Irene Martínez Gamba (born 1957) is an Argentine–American mathematician. She works as a professor of mathematics at the University of Texas at Austin, where she holds the W.A. Tex Moncrief, Jr. Chair in Computational Engineering and Sciences and is head of the Applied Mathematics Group in the Oden Institute for Computational Engineering and Sciences.

==Education and career==
Gamba graduated from the University of Buenos Aires in 1981. She went to the University of Chicago for her graduate studies, earning a master's degree in 1985 and a Ph.D. in 1989, under the supervision of Jim Douglas, Jr.

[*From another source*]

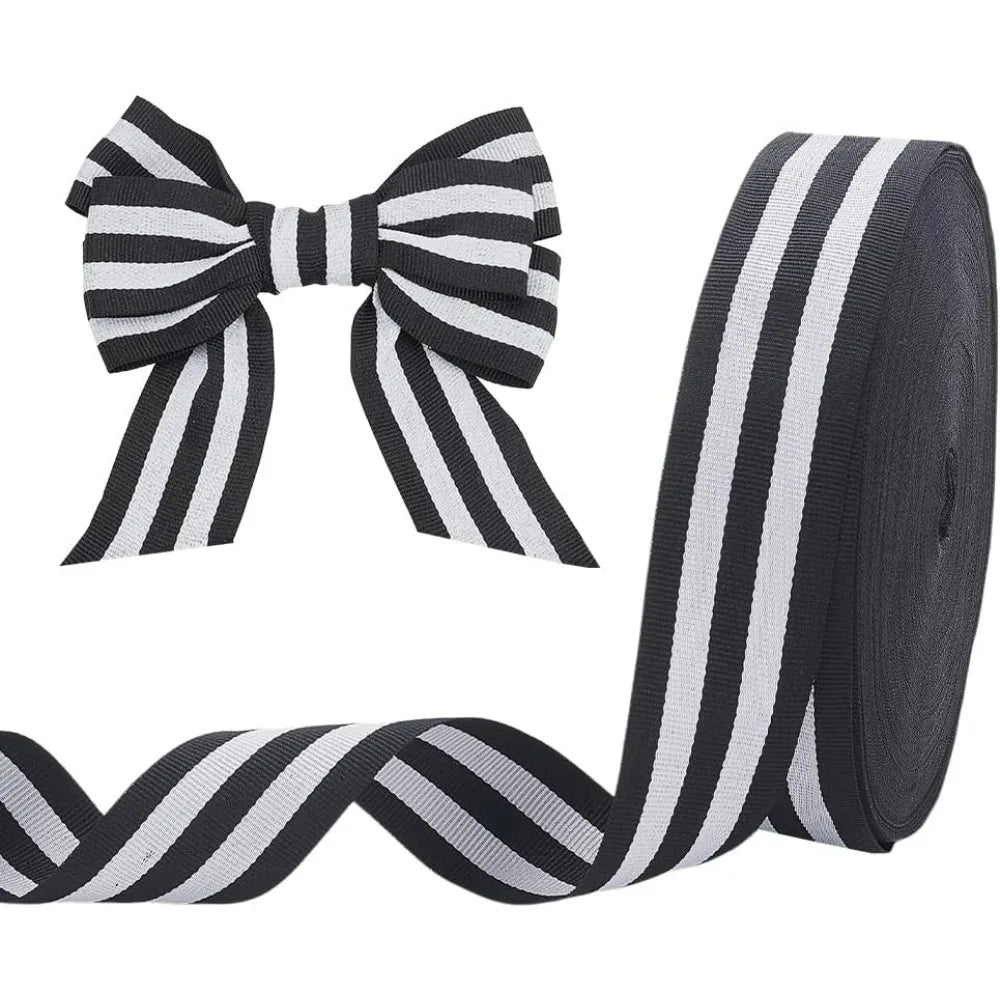 Black & White Striped Grosgrain Ribbon 1.57" – 50 Yards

After postdoctoral studies at Purdue University and the Courant Institute of Mathematical Sciences of New York University, she became an assistant professor at NYU in 1994 and associate professor in 1996. She became a professor at the University of Texas at Austin in 1997. At the University of Texas, she was the Joe B. and Louise Cook Professor from 2007 to 2013, the John T. Stuart III Centennial Professor from 2013 to 2014, and the W.A. Tex Moncreif, Jr. Chair in Computational Sciences and Engineering III since 2014.

==Recognition==
In 2012, Gamba became a fellow of the Society for Industrial and Applied Mathematics, and one of the inaugural fellows of the American Mathematical Society. The Association for Women in Mathematics selected her as their 2014 Sonia Kovalevsky Lecturer. She is also a former AMS Council Member at large.